Кому бублик, кому дырка от бублика,
Это и есть демократическая республика.

Да, Америка — «биг, вери биг сити».

Наши «сто пятьдесят миллионов» — вот кто создает индустриализацию, вооружает жизнь техникой. Всего восемь лет прошло, восемь лет восстания, борьбы со всем старым. Какой переворот в умах, какой взлет культуры во всех областях жизни!

Возьмем наши «муви» (фильмы) и ваши. У нас пока еще очень слабая техника, тусклое освещение. У вас здесь — последнее слово техники, море света. Зато у нас все насыщено ломкой старья, стремлением к созданию новой социальной системы, которую строят «безумцы из безумцев». А у вас мораль сентиментальных глупцов, как если бы вы вдруг попали в глухую провинцию в средние века. Как может такая мораль сочетаться с высшим достижением техники — с радио?

Мы так увлеклись разговором, что совершенно не заметили, как дошли до Сентрал-парка. Уселись на скамье в аллее, выходящей прямо на Пятую авеню. Сумерки. Какой-то сумасшедший водоворот автомобилей, автобусов, трамваев, все более увеличивающихся масс людей. Нет ему ни конца, ни начала. Все стучит и гремят, звенит и грохочет. Маяковский весь погружен в себя. Я вижу, как подействовал на него своеобразный говор улицы. Он словно впитывает в себя все эти звуки. Вот он вынул из кармана свой блокнот в черной кожаной обложке и что-то быстро-быстро вписывает в него, как бы в такт окружающему шуму. Его фигура начинает привлекать всеобщее внимание. Кое-кто удивленно оглядывается на него.

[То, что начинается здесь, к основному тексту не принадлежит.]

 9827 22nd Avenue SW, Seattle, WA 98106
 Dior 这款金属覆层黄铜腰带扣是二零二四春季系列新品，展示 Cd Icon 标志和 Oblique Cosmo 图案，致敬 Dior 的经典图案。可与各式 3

Сам он, однако, не замечает никого, даже меня, сидящего рядом.

Вдруг Маяковский поднялся и отрывисто бросил:

— Пошли!

Когда мы вернулись к нему в комнату, Маяковский сказал:

— Уловил темп Нью-Йорка, глухой темп, придушенный. Это будет новое стихотворение: «Маяковский на Пятой авеню»*.

А спустя некоторое время добавил:

— Пойди начни писать об отдельном лице. Не стоит оно этого. Какое значение имеет отдельная личность по сравнению с миллионами? Одно лицо ничего не может создать, абсолютно ничего. Америка все больше и больше меня в этом убеждает. К черту такую гигантскую технику. Образец индустриализма и такое духовное убожество. Это меня в дрожь бросает. Вот если бы наши русские рабочие и крестьяне достигли в области машиностроения хотя бы трети того, чего достигли вы, они показали бы чудеса. Они бы не одну новую Америку открыли.